WORK INSTRUCTION:
Please output the following records exactly. Leave every image out.

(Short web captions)
========================================
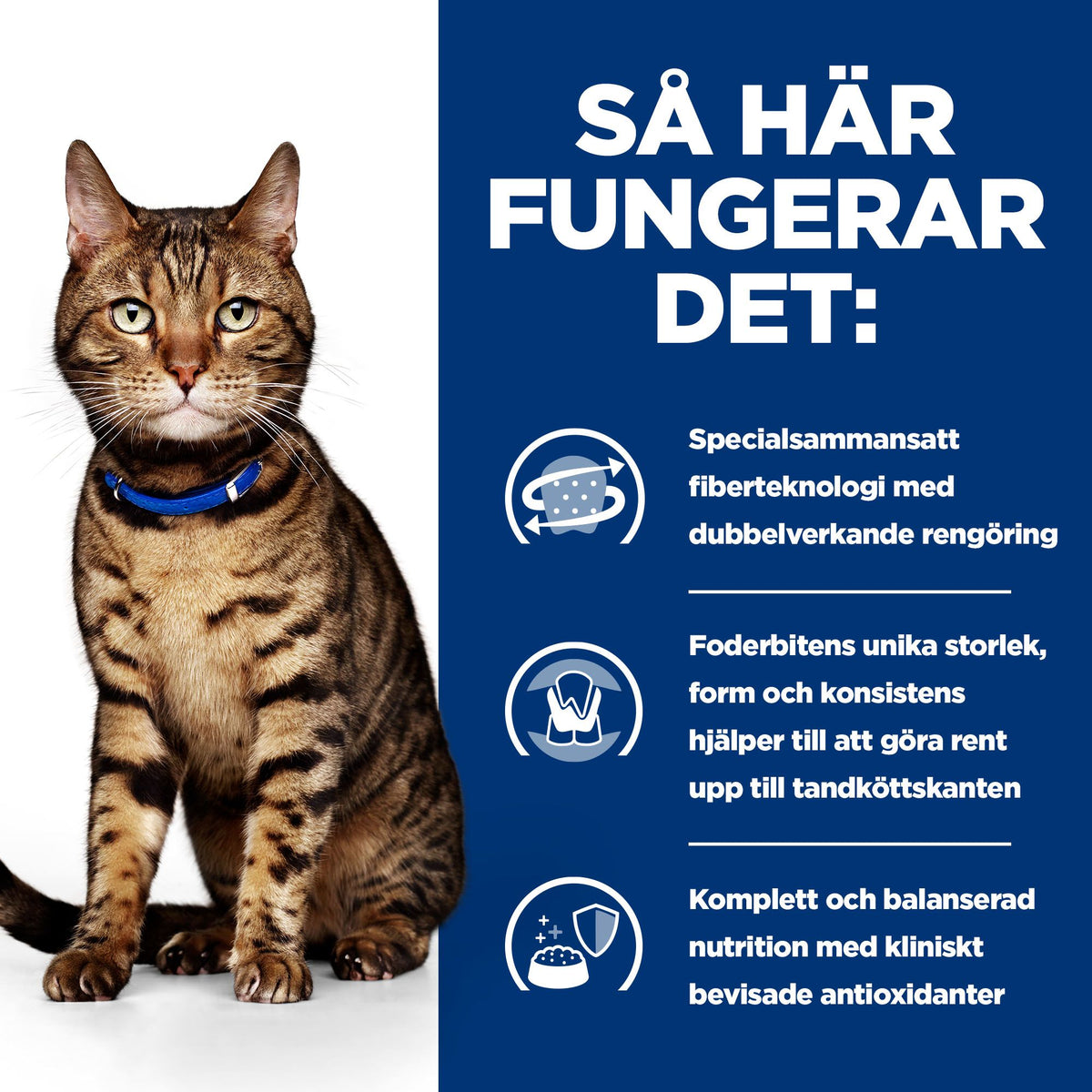 Hill's Prescription Diet t/d Adult Kattfoder
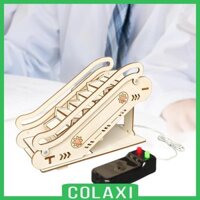 Băng tải Đồ chơi 3D Xếp hình Đồ chơi xây dựng Khoa học Nhận thức Vật lý Thí nghiệm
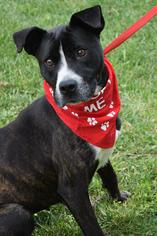American Pit Bull Terrier-Staffordshire Bull Terrier Mix Dogs for adoption in Brevard, NC, USA
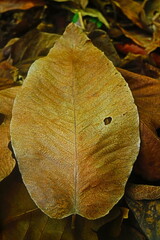 Golden leaf background 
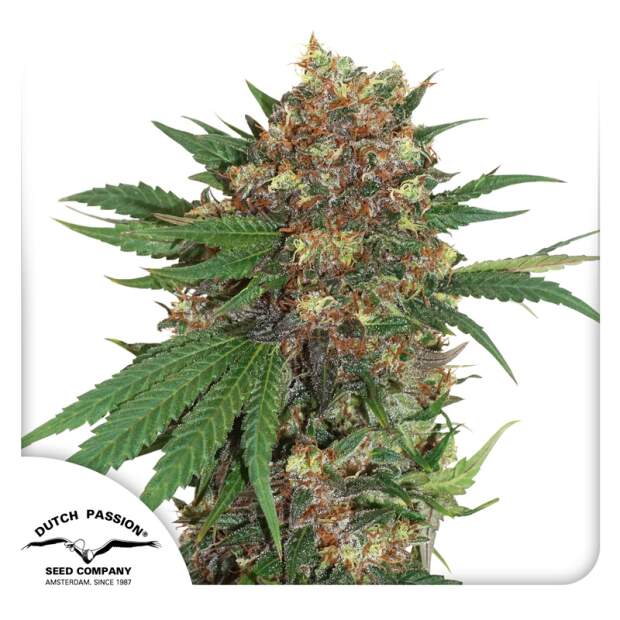 Dutch Passion Master Kush 3 Stk feminisiert Abverkauf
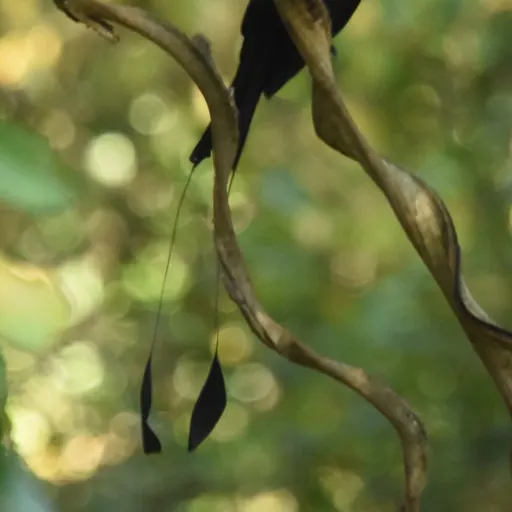 Greater Racket-tailed Drongo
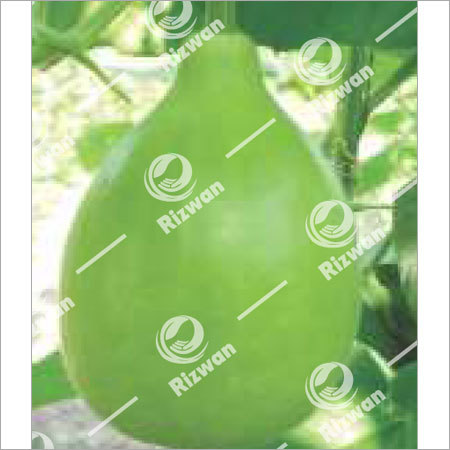 Bottle Gourd F1-RSB-1401 (Lattu)
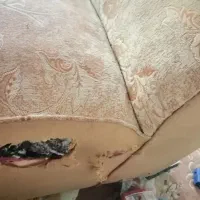 مبل وتلویزیون سامسونگ 500 هزار|مبلمان خانگی و میز عسلی|دورود, |دیوار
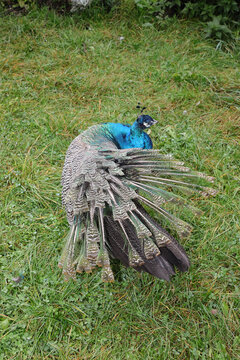 Pfau in der Natur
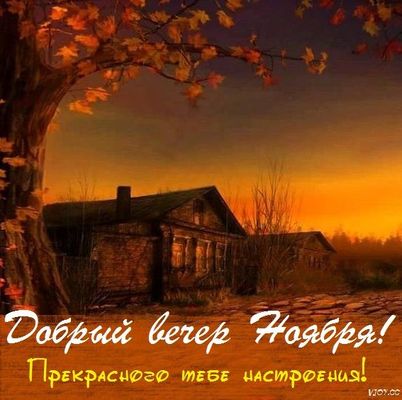Открытка «Пожелание»: Добрый вечер ноября! Прекрасное осеннее настроение. Тэги: красивая, позитив, радость, осень…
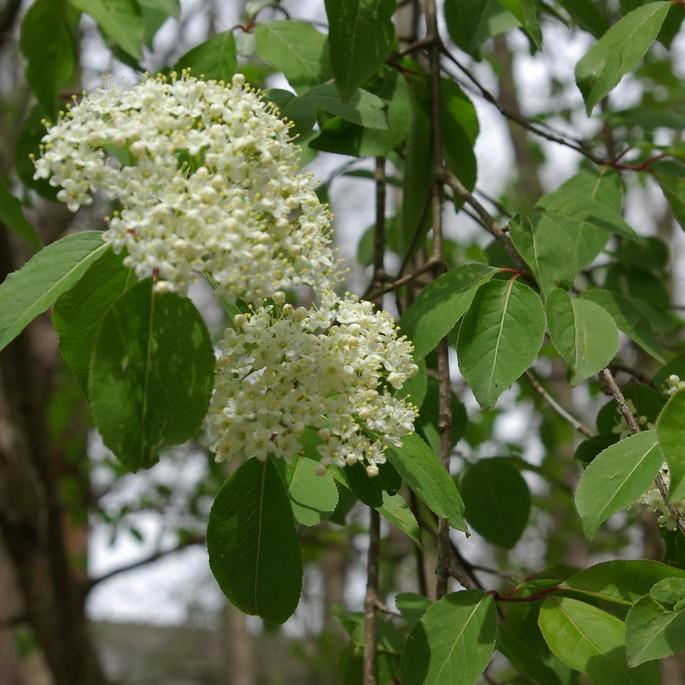 blackhaw viburnum (Viburnum prunifolium) plant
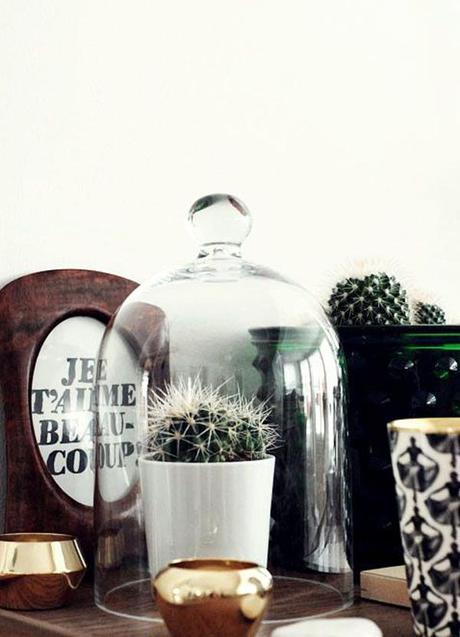 campanas-vidrio-bell-jar-estiloescandinavo-12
========================================
SOLUTION:
 Hill's Prescription Diet t/d Adult Kattfoder
 Băng tải Đồ chơi 3D Xếp hình Đồ chơi xây dựng Khoa học Nhận thức Vật lý Thí nghiệm
American Pit Bull Terrier-Staffordshire Bull Terrier Mix Dogs for adoption in Brevard, NC, USA
 Golden leaf background 
 Dutch Passion Master Kush 3 Stk feminisiert Abverkauf
 Greater Racket-tailed Drongo
 Bottle Gourd F1-RSB-1401 (Lattu)
 مبل وتلویزیون سامسونگ 500 هزار|مبلمان خانگی و میز عسلی|دورود, |دیوار
 Pfau in der Natur
Открытка «Пожелание»: Добрый вечер ноября! Прекрасное осеннее настроение. Тэги: красивая, позитив, радость, осень…
 blackhaw viburnum (Viburnum prunifolium) plant
 campanas-vidrio-bell-jar-estiloescandinavo-12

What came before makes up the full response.